Here’s the thing: autism is just a word. It’s a word that encompasses too much in my opinion. Autism is a spectrum of disorders and no person has the exact same chaotic mix (even my identical twins). Autism Speaks would have you believe that not only is autism a dark menacing cloud, but a black vise imprisoning our children. Yes, they want people to contribute money to their cause. Do they need to instill fear and spread misconceptions in order to do so? Can’t our lives, challenging as they no doubt are, be represented without alienating the autistic community and a good number of parents as well?

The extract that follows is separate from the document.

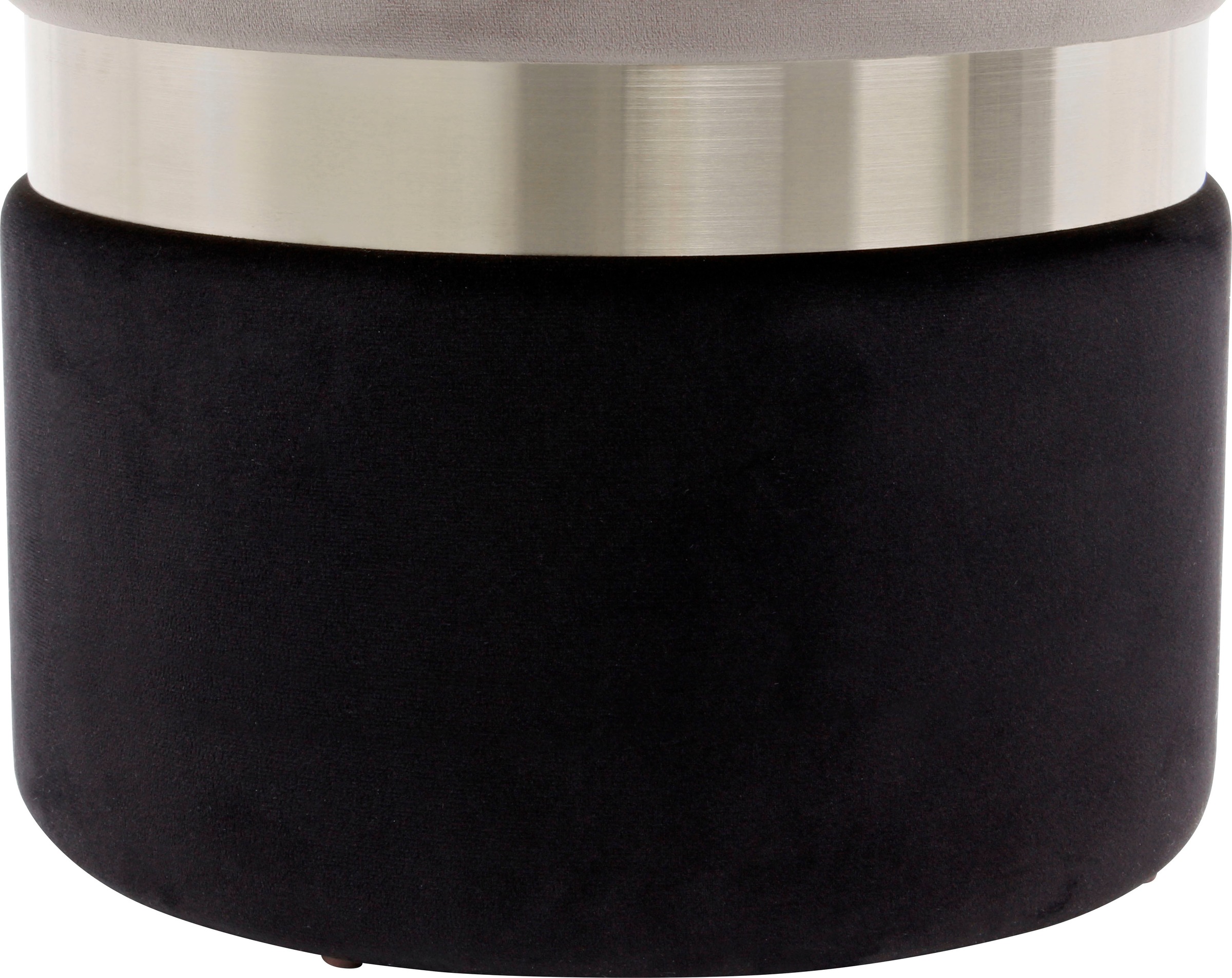 Kayoom Stauraumhocker »Hocker Zora 125 2er-Set, samtweicher Stoffbezug,runde elegante Form«, (Set, 2 St.), edles Design mit Metallring, gepolstert, mit Stauraum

What about the parents of the newly diagnosed who are looking for hope? What about my own children? What if Sam saw this video and thought that’s who his brother is? What if another child said to him My mom says you have autism like Rainman, and he thinks of himself this way, as someone with something that other people would wipe out? What about all the others out there, not bad people, but people whose only knowledge of autism is the version spewed by Autism Speaks?
Yes, I often feel despair. But this video left me feeling the worst despair I’ve felt in a long time.
No, our lives have not been easy, but whose have? There is no doubt that autism has set us on a course we could never have imagined, but now that we’re on it, could we imagine another? You can’t separate autism from my boys any more than you could separate clouds from the sky. Depending on the light or your perspective, those clouds are either menacing and dark or beautiful and an intrinsic part of the picture.
Some days they are both, I am human. But if I lived under that dark cloud all the time, what kind of mother would I be?
How about instead of the fear-mongering, Autism Speaks works harder to talk about the therapies and supports that could make my boys’ lives easier, not more difficult? No? How about the creation of a new organization that spreads a kinder message of inclusion, hope, and acceptance, that educates others on autism’s many facets, both good and bad? That would be a group I could put my support behind, that would be a message for which I would walk on the National Mall.
Autism is not the reason life is hard. Life just is. It can also be spectacular and has everything to do with how we feel on a cloudy day.